> [Excerpted data]
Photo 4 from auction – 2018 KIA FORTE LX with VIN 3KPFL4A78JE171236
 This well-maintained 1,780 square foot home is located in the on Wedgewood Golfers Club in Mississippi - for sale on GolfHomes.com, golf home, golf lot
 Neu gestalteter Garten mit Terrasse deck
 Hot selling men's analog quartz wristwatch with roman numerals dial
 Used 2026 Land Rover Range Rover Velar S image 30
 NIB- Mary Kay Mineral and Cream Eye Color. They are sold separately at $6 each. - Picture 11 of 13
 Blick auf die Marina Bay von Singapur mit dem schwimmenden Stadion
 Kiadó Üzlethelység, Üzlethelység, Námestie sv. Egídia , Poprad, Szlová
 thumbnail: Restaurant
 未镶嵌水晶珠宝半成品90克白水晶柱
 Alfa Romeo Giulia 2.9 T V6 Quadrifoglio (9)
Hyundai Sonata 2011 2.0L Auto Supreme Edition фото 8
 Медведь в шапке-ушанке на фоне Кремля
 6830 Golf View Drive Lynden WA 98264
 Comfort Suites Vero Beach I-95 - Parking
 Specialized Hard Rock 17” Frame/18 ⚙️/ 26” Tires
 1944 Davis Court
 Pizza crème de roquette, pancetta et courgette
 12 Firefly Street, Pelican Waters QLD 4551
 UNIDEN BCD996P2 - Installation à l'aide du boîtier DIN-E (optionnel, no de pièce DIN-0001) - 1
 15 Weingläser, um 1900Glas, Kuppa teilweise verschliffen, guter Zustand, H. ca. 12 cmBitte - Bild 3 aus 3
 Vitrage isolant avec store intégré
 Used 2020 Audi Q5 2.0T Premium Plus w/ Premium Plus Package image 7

> [What needs to be done] Only the lines containing the word "image" should be returned from the data above.

> [Solution]
 Used 2026 Land Rover Range Rover Velar S image 30
 Used 2020 Audi Q5 2.0T Premium Plus w/ Premium Plus Package image 7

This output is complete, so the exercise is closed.